I can’t say for sure, but I can tell you that all 5 of the baby boys were born in Arkansas. (Not sure about the baby girls.) Also, nearly all of the people I’ve found so far who were born in 1975 and named Chaffee had Vietnamese surnames.

(While researching, I found a Chicago-based business coach named Chaffee-Thanh Nguyen. Don’t know when he was born, but I’d venture to guess 1975.)

How did Fort Chaffee get its name?

It was named after Major General Adna Romanza Chaffee, Jr. (b. 1884) whose surname is of Norman origin. The surname can be traced back to the Old French word chauf, meaning “bald.”

And how did Adna Romanza Chaffee, Jr. get his name? He was named for his father, Lieutenant General Adna Romanza Chaffee, Sr. (b. 1842). Adna is a Biblical name said to mean “pleasure, delight” and Romanza is related to the Italian word romanzo, meaning “romance.” Newspaper writers of the early 1900s called Adna Romanza Sr.’s name “peculiar,” “incomprehensible,” “absurd,” and a “baptismal handicap,” among other things.

Sources:

  • “Chatting About Chaffee.” Boston Evening Transcript 9 Nov. 1914: 10.
  • Hanks, Patrick. Dictionary of American Family Names. Oxford: Oxford University Press, 2003.
  • Indochinese Resettlement Program – Encyclopedia of Arkansas
  • “Men and Women.” Baltimore American 25 Aug. 1900: 6.
  • Thompson, Larry Clinton. Refugee Workers in the Indochina Exodus, 1975-1982. Jefferson, NC: McFarland, 2010.
  • “Topics of the Times.” New York Times 1 Aug. 1900.
  • Vietnamese-American – Wikipedia

3 Responses to The Baby Name Chaffee

  1. Talking about Chaffee and Vietnam: There was a light tank, M24 Chaffee, sold by the USA to the french expedition troops at Vietnam. They were defeated at Bien Dien Phu 60 years ago.

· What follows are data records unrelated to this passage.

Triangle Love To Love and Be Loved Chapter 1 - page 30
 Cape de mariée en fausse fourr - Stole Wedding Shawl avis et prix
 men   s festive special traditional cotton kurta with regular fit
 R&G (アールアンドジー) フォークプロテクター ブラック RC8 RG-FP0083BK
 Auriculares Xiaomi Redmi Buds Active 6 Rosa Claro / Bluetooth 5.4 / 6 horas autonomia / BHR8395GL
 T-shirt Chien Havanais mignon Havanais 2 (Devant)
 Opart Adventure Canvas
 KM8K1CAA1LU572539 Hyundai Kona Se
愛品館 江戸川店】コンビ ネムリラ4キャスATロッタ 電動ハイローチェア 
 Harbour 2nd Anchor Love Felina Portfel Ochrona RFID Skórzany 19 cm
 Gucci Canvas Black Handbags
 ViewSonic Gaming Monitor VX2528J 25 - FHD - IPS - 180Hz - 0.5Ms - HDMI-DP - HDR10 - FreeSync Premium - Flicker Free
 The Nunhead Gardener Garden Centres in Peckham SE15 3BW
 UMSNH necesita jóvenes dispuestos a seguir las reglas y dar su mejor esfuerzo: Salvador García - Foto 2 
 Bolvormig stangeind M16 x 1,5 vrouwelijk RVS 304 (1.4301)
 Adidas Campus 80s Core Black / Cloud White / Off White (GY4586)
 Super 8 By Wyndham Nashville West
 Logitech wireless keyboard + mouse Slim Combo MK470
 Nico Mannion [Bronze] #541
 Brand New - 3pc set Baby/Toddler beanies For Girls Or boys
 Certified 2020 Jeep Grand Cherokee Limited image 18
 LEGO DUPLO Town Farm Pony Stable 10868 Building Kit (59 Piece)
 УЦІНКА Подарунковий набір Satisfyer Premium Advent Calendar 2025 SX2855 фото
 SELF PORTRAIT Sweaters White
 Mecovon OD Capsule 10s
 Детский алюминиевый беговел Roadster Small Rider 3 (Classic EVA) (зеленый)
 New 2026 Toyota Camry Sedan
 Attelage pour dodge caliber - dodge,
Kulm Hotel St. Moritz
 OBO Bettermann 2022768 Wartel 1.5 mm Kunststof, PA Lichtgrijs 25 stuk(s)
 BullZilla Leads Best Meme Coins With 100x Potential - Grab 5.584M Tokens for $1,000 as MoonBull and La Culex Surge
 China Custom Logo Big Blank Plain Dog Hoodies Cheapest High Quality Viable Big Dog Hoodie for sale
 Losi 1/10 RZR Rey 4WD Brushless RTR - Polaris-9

    And the french fortifications at Bien Dien Phu were named after girl’s names: Anne-Marie, Béatrice, Claudine, Dominique, Eliane, Françoise, Gabrielle, and Huguette.

  2. Interesting!

    According to Wikipedia, the M24 Chaffee was named for Adna Romanza Chaffee, Jr., just like the fort.

    Here’s more on the Battle of Dien Bien Phu:

    Starting in December, the French, under the command of Colonel Christian de Castries, began transforming their anchoring point into a fortress by setting up seven satellite positions, each allegedly named after a former mistress of de Castries, although the allegation is probably unfounded, as the eight names begin with letters from the first nine of the alphabet (all but F).

    Looks like “Isabelle” was also used.

  3. Thanks for adding Isabelle, I overlooked the southern outpost. According to this french map, there was also Junon.